低遅延配信を実現した仕組みを以下の図に記します。
- 試合会場からの映像信号はフジテレビ局舎に伝送され、地上デジタル放送用設備と超低遅延配信用エンコーダである Videon社のEdgeCaster4K に分配して入力されます
- EdgeCaster4K では入力された映像信号を CMAF-ULL の HLS/DASH に処理します。1つの fMP4 ファイルの構造は 8 秒セグメント、200msec の Chunk です
- EdgeCaster4K からは専用線である AWS DirectConnect を通りオリジンサーバとなる AWS Elemental MediaStore へとストリームが出力されます
- ユーザのデバイスからは html5 プレイヤーを用いて Amazon CloudFront へと向けてリクエストが送信されます。Amazon CloudFront からは AWS Elemental MediaStore へリクエストが送信され HLS/DASH の fMP4 ファイルを Chunk 単位で取得します
超低遅延配信を実現するに当たり、課題はファイル出力を待たずにChunk単位(Chunked Transfer)で高速転送させることです。この Chunked Transfer に対応したエンコーダ、オリジンサーバ、CDN 、プレイヤーについて、フジテレビは AWS と連携し先行技術検証を行い、AWS Summit Tokyo 2019 で事例紹介すると共に、Conneted Media Tokyo 2019 では技術参考展示をされておりました。
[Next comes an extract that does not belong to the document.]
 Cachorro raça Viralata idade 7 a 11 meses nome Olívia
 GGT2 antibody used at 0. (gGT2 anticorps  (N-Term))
Amazon CloudFront 、AWS Elemental MediaStore は共に Chunked Transfer と大規模配信に対応し、且つ、マネージドサービスであるためフジテレビは配信規模に応じたスケーリング動作、障害発生時の切り替え対応等の煩雑な運用から解放され、配信に集中する事ができたとの事です。
超低遅延配信によるマルチスクリーンは、その後も他のスポーツ中継番組での実施へと拡大しており、放送番組の視聴体験をより高めるマルチスクリーンとなるよう配信パラメータやプレイヤーの改良に取り組んでいるとの事です。